**WORK REQUEST:** Transcribe exactly, and without pictures, only the lines from the one bearing "2023 Volkswagen Golf R Mk8 - Image 3 of 5" through the final line of the data below.

[Source data]
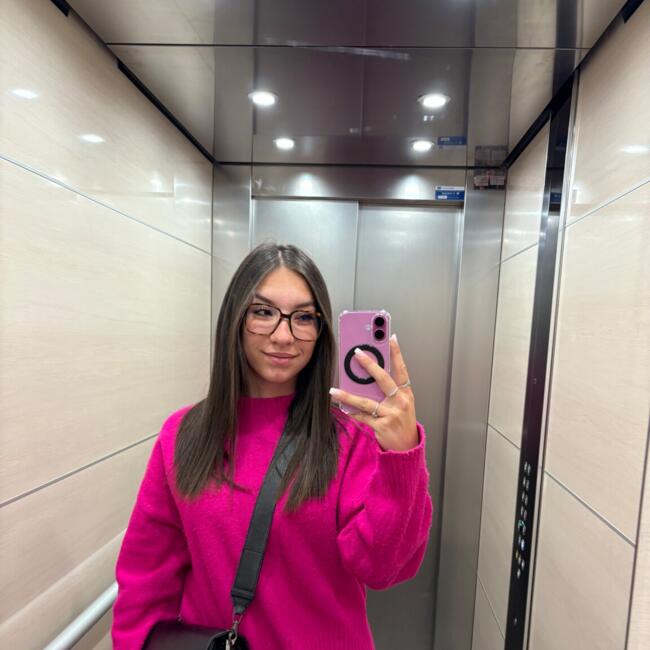 Babysitter in Linas: Eva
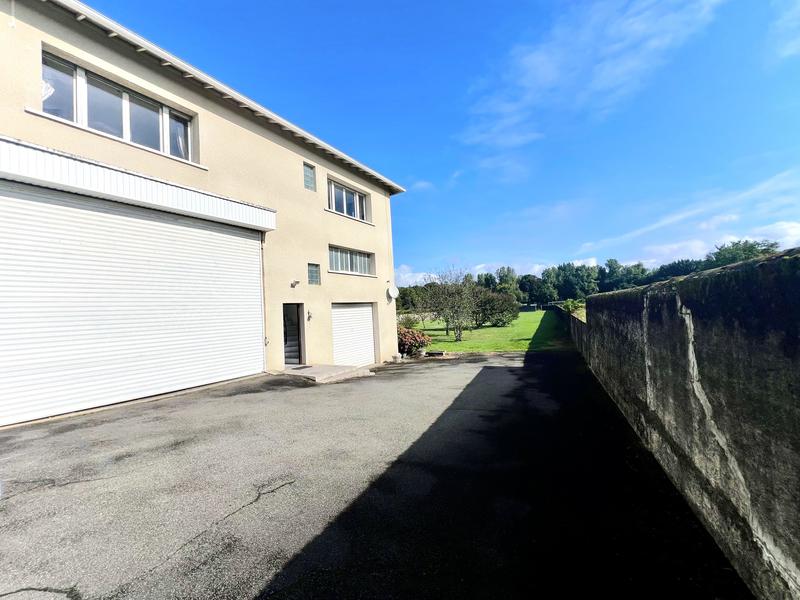 Villa - 280 m² - 9 pièces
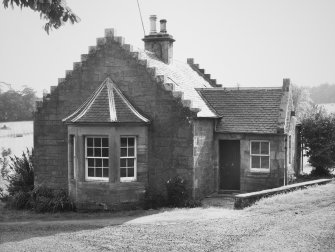 Hill of Tarvit.  Lodge: view from North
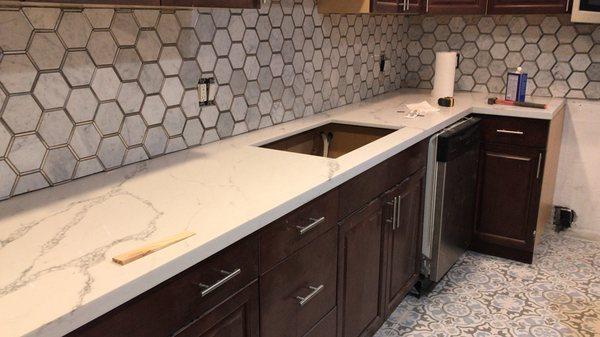 Calacatta quartz kitchen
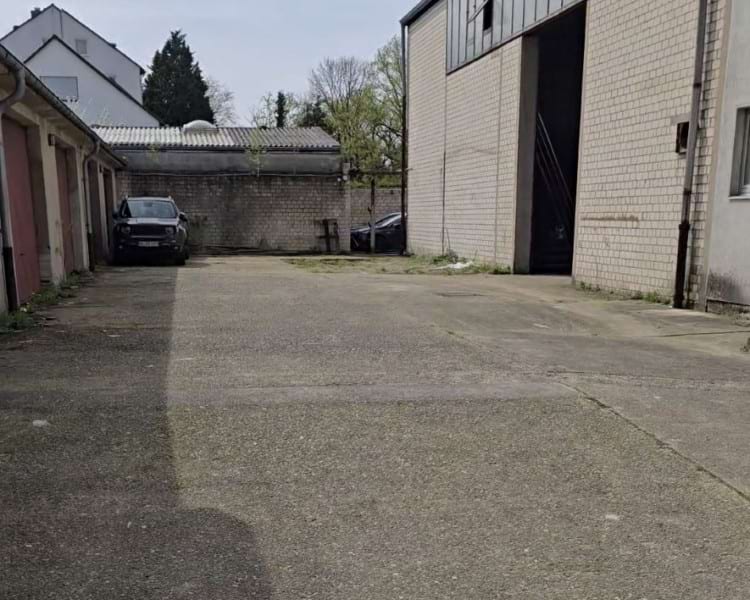 Parken mit Shuttle Service zum Flughafen Düsseldorf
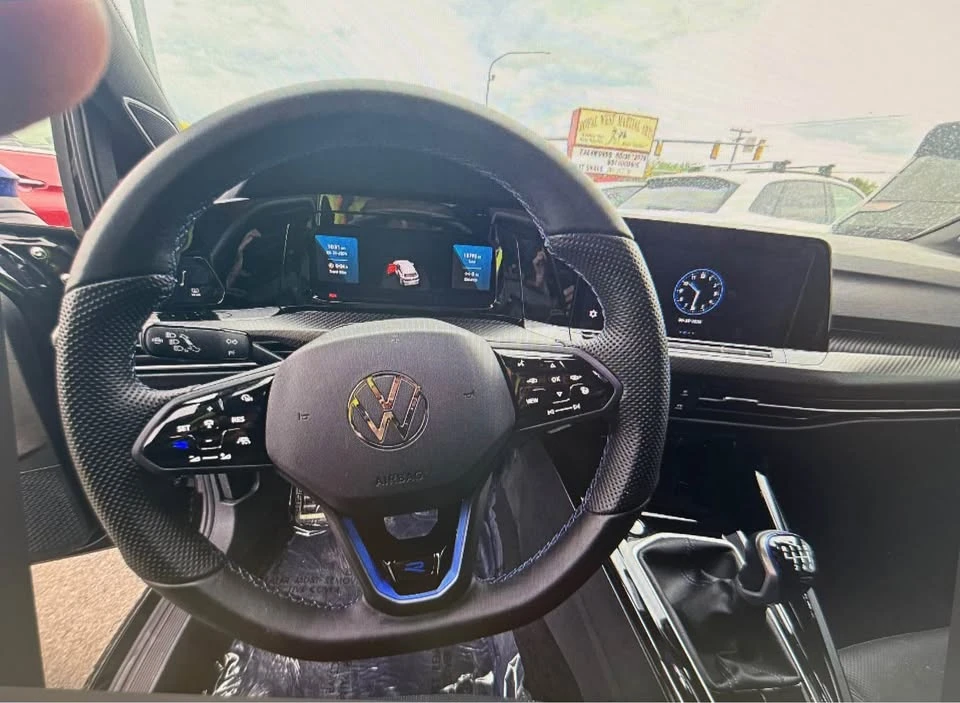 2023 Volkswagen Golf R Mk8 - Image 3 of 5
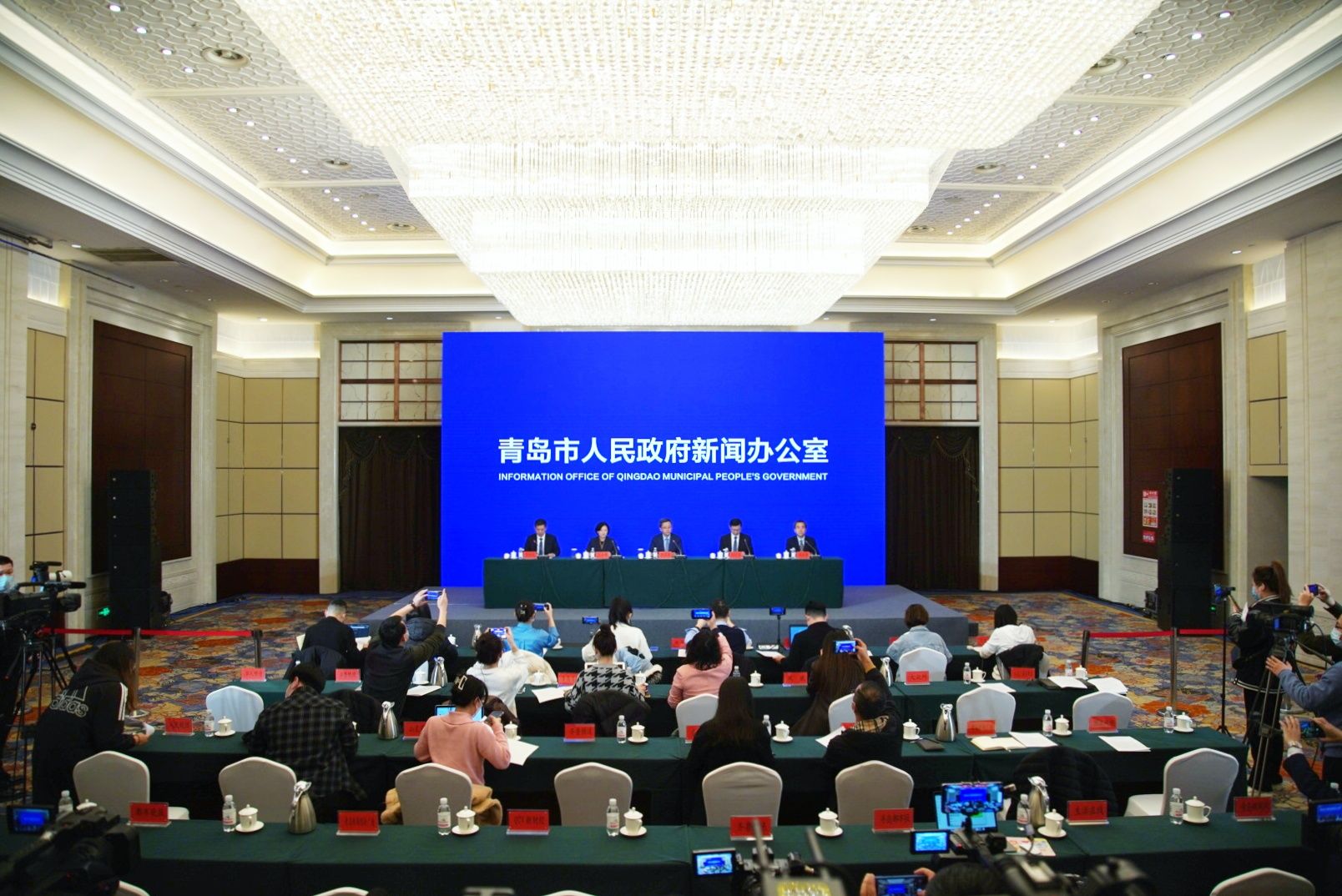 防控疫情的新闻播报滨州主持(防控疫情的新闻播报滨州主持人名单)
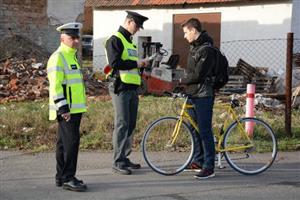Při dopravně-bezpečnostní akci neunikli pozornosti policejních hlídek ani cyklisté a chodci. U řidičů se kontrola zaměřila na požití alkoholu a návykových látek i technický stav vozidel.
FOTO: DAVID MACHÁČEK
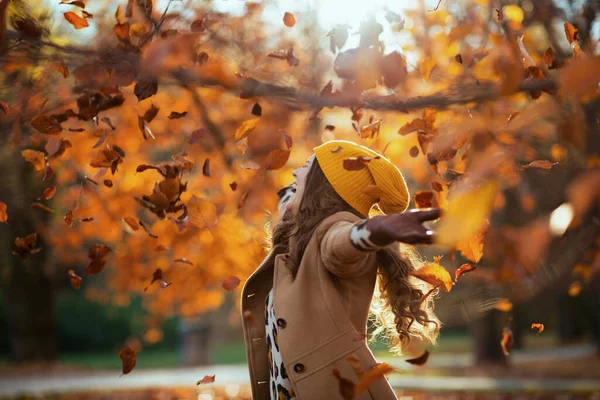 Здравствуйте Ноябрь Улыбающаяся Современная Женщина Бежевом Пальто Оранжевой Шляпе Радующаяся — стоковое фото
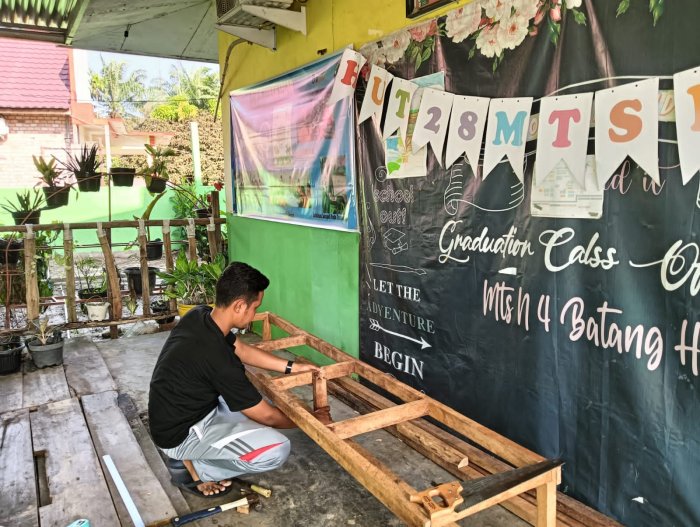 Siap Sambut MBG, Agung Prasetio Wujudkan Penambahan Meja Makan di MTsN 4 Batang Hari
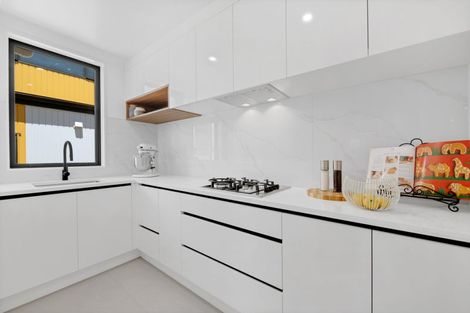 Photo of property in 14 Parkmore Drive, Rosehill, 2113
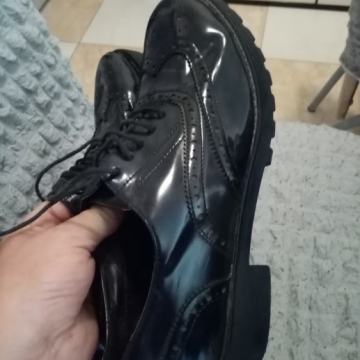Zara br.41 kožne udobne elegantne lakirane cipele
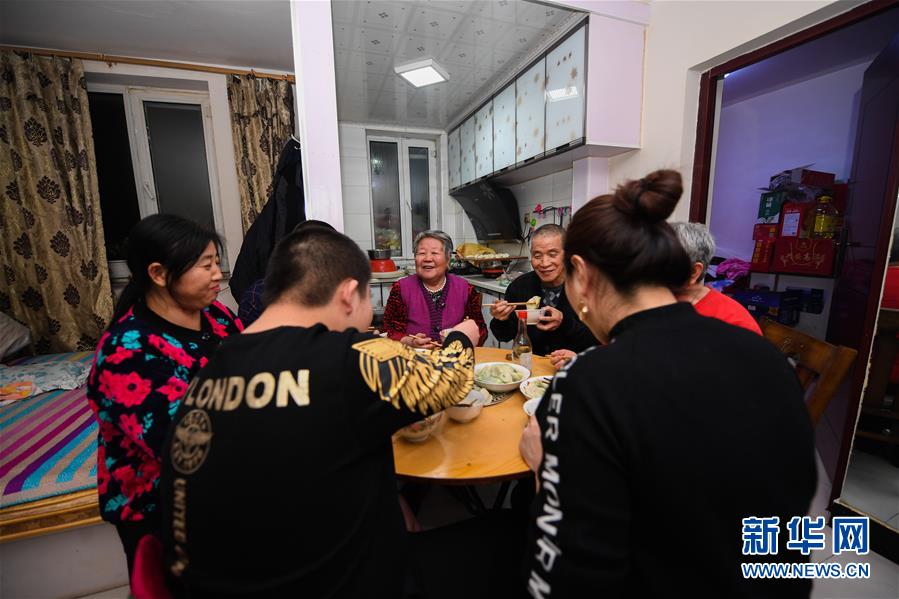 （新華全媒頭條&middot;圖文互動(dòng)）（4）行程萬(wàn)里 人民至上&mdash;&mdash;習(xí)近平總書(shū)記春節(jié)考察足跡回訪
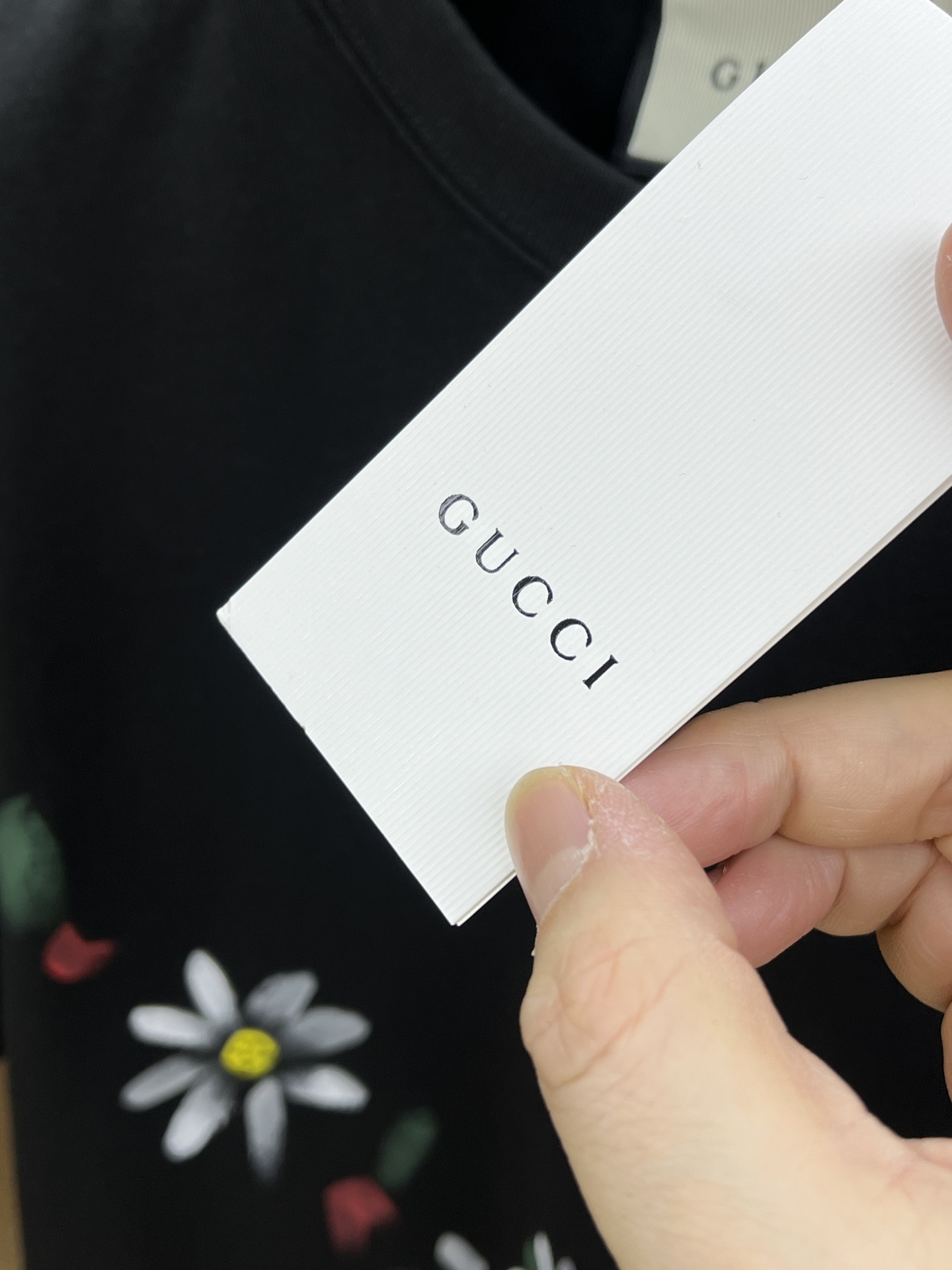 新款   Guc 🔥🔥高定面料 玉蚕丝般的丝滑 2025春夏新品上市🍃时尚经典圆领短袖👍🏻时尚单品设计，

**ANSWER AREA:**
 2023 Volkswagen Golf R Mk8 - Image 3 of 5
 防控疫情的新闻播报滨州主持(防控疫情的新闻播报滨州主持人名单)
Při dopravně-bezpečnostní akci neunikli pozornosti policejních hlídek ani cyklisté a chodci. U řidičů se kontrola zaměřila na požití alkoholu a návykových látek i technický stav vozidel.
FOTO: DAVID MACHÁČEK
 Здравствуйте Ноябрь Улыбающаяся Современная Женщина Бежевом Пальто Оранжевой Шляпе Радующаяся — стоковое фото
 Siap Sambut MBG, Agung Prasetio Wujudkan Penambahan Meja Makan di MTsN 4 Batang Hari
 Photo of property in 14 Parkmore Drive, Rosehill, 2113
Zara br.41 kožne udobne elegantne lakirane cipele
 （新華全媒頭條&middot;圖文互動(dòng)）（4）行程萬(wàn)里 人民至上&mdash;&mdash;習(xí)近平總書(shū)記春節(jié)考察足跡回訪
 新款   Guc 🔥🔥高定面料 玉蚕丝般的丝滑 2025春夏新品上市🍃时尚经典圆领短袖👍🏻时尚单品设计，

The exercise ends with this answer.